As far as the oil market situation is concerned, we note that crude prices stabilized yesterday, Tuesday, September 14, at their highest level in over a month and a half. Prices were boosted by production disruptions in the United States due to the hurricane season.

For example, a barrel of North Sea Brent crude for November delivery ended the session at $73.60 in London, up 0.12% or 9 cents from Monday's close.

On the other side of the Atlantic, in New York, U.S. WTI crude for October delivery ended the session at $70.46, up 0.01%.

Earlier in the session, Brent crude reached $74.23 and WTI crude $71.14 per barrel, the highest levels since early August.


The causes of this rise in oil in detail:

The explanations for this rise in prices are to be sought on the side of Hurricane Ida which hit the Gulf of Mexico two weeks ago, disrupting production again today. The equipment that usually provides 39.57% of the region's production was still shut down yesterday, but a new threat is emerging.

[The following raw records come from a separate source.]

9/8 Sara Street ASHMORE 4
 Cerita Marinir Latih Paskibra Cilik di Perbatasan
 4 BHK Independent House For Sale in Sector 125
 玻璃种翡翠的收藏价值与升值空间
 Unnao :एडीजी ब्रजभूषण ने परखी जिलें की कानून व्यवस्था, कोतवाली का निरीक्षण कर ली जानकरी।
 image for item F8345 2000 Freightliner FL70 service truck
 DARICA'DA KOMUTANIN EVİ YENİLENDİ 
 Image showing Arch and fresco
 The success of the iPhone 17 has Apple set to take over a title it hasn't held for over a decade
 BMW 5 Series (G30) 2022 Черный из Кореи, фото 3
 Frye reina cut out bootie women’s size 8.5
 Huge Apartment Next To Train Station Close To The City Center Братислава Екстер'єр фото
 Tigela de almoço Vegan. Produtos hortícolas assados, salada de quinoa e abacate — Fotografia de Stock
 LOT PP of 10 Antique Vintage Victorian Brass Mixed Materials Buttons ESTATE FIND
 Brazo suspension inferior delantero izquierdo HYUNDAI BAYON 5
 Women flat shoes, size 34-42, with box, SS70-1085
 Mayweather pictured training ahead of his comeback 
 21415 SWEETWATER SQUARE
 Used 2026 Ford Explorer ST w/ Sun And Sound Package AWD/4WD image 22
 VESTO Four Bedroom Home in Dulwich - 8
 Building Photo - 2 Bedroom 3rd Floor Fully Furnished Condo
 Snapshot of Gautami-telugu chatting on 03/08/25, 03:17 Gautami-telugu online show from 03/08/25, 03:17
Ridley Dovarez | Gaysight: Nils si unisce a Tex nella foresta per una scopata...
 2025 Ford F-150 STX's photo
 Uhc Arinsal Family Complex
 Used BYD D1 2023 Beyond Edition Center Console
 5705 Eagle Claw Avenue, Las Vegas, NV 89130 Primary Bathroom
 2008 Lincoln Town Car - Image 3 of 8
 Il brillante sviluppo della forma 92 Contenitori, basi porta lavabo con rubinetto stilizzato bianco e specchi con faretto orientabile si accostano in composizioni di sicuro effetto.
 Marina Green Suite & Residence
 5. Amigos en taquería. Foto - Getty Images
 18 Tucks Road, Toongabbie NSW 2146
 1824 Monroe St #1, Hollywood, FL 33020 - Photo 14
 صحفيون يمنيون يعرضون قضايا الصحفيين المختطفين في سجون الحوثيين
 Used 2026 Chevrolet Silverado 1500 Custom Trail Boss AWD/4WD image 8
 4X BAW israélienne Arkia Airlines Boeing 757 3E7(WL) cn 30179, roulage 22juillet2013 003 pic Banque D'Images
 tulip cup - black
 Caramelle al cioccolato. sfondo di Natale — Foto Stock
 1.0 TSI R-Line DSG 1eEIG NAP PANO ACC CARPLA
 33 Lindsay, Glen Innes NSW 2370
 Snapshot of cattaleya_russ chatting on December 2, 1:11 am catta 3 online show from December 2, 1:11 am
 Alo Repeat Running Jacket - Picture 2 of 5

Hurricane Nicholas made landfall in Texas on Tuesday morning and the National Hurricane Center warned of heavy rains and a risk of flash flooding. This forced producers to evacuate non-essential personnel from oil and gas platforms. The weekly U.S. stockpile data is expected to show a significant drop in crude oil and gasoline inventories. Between the loss of production caused by Hurricane Ida and the current challenges regarding Hurricane Nicholas, this may keep the global oil situation in a position of supply versus demand.


IEA forecast:

On the longer term, the International Energy Agency or IEA said in its monthly report on Tuesday that it expects a strong rebound in global oil demand after 3 months of contraction this summer due to the resurgence of Covid cases in Asia. Indeed, there are signs that Covid cases are declining and demand is expected to rebound strongly by 1.6 million barrels per day in October and continue to grow through the end of the year.